We can test out the physical topology of the CPUs by running our inter-core synchronisation latency test. As a reminder, our inter-core bounce test consists of an initial main thread which allocates the synchronisation cache line on the core that the executable is spawned on – we try to fix this to the first NUMA node / CPU group of the first socket. This in turn spawns two ping-pong threads which bounce around based on the shared cache line, and we change the affinity of the threads across the system to test out the various core-to-core latencies. Because of the usage of a common shared cache line – usually how real software works; we’re essentially testing core-to-cacheline-to-core – an important distinction to make for some systems which have different cache line placement and cache coherency algorithms.
Right off the bat, what’s immediately visible in the new EPYC 7763 64-core Milan based part is that the CCXs have grown in size, now spanning 8 cores, with the corresponding lower latency results within that cache hierarchy. The result set here is limited to just the physical cores as otherwise the logical SMT siblings would have resulted in a 255 x 255 matrix for a 2-socket system.
If we contrast the new Milan design to the Rome-based EPYC 7742, we’re seeing quite a few differences between the two generations. First of all, within the CCX/CCD, we’re not seeing that access latencies aren’t as uniform anymore. Previously we saw latencies at 22-23ns, whereas the new part now varies from 19 to 31ns, which is due to AMD’s doubling of the L3 which has seen a new internal topology between the 8 cache slices. It’s to be noted that the test here ran around 3400MHz between both generation parts.

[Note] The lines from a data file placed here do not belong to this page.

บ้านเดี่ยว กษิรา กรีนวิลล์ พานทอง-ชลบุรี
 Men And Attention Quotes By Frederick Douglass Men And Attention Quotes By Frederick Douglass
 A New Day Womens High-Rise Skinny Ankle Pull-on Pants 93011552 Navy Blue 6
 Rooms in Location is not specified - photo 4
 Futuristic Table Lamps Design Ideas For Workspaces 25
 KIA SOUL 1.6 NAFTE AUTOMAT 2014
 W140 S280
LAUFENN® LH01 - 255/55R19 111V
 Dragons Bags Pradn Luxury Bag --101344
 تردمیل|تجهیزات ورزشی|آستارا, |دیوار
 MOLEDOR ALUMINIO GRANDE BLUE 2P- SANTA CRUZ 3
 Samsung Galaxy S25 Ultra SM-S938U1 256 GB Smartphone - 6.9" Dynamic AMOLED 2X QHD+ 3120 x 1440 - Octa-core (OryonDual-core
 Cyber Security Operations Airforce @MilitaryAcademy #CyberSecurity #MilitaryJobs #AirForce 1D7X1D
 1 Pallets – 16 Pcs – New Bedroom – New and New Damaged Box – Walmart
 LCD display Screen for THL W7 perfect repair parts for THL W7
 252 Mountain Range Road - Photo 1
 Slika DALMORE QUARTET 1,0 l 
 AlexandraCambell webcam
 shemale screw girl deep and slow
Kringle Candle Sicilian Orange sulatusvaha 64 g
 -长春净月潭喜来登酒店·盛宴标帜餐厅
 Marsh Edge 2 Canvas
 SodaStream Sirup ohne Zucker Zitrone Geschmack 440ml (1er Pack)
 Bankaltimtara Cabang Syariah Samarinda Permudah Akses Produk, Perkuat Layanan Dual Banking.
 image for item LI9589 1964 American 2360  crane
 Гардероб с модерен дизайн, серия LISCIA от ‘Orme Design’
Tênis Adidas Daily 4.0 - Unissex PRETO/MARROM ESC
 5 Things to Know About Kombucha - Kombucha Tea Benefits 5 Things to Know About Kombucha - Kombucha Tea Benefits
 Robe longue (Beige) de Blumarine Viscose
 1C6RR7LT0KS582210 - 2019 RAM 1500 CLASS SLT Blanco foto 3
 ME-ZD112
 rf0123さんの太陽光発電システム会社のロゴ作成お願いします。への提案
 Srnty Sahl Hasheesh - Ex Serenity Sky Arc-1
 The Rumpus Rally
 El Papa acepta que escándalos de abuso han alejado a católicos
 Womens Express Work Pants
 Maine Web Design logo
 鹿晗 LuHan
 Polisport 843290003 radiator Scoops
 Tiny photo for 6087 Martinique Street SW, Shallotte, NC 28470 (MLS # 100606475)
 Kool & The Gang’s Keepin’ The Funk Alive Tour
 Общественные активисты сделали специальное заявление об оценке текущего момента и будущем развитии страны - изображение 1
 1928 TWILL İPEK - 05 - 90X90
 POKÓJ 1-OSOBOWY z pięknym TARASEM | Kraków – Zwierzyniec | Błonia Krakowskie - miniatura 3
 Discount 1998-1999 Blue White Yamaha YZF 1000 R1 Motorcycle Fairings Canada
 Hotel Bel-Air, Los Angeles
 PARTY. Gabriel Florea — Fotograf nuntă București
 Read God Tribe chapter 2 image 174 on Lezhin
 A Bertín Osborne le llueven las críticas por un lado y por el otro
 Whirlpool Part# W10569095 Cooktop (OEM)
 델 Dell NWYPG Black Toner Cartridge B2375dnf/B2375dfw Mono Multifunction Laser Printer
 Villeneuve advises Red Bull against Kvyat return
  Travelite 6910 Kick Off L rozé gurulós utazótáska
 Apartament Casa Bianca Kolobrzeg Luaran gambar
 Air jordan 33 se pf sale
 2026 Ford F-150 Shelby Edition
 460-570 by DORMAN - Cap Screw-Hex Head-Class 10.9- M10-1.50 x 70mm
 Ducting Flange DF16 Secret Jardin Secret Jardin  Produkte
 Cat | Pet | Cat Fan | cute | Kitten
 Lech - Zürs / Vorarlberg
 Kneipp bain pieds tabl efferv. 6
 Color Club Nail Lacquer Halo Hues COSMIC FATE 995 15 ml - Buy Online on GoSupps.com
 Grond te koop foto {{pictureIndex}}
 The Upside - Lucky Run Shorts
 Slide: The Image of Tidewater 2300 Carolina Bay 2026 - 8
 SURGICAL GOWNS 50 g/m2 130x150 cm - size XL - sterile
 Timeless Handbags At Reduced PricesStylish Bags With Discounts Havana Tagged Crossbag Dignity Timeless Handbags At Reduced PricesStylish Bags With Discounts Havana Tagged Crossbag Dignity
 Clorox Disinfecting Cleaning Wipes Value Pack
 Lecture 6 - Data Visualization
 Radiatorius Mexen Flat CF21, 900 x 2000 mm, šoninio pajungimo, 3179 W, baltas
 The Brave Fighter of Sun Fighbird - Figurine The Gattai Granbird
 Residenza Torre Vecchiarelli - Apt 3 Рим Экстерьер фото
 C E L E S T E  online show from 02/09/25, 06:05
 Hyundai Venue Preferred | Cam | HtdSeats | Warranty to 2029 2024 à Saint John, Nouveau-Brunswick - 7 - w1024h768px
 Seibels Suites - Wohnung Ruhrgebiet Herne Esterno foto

AMD’s server IO die is divided into quadrants, each featuring two memory controllers and two connections to CCDs. Access latencies between two CCDs in a quadrant is lower than between two CCDs in different quadrants, and we can also see this in the results. The core-to-core latency within a quadrant this generation has improved from a worst-case 112ns to 99ns, about a 10ns improvement. Access to remote quadrants has been reduced from up to 142ns to up to 114ns, which is actually a 24% improvement, which is considerable.
What’s really interesting is that inter-socket latencies have also seen very notable reductions. Whereas the Rome part these went up to 272ns, the new Milan part reduces this down to 202ns, again a large 25% improvement between generations.
Compared to other competitors which use monolithic silicon designs, AMD lags behind in terms of core-to-core latencies within a single socket, although latencies within a CCX/CCD are more performant. Inter-socket latencies are superior to newcomers such as Ampere’s Altra, however lag behind Intel’s seemingly superior cache coherency protocol, particularly in scenarios where two cores of a same socket access a remote socket cache line, being able to locally copy/mirror it with native performance, something AMD currently is only able to do at a CCX/CCD level.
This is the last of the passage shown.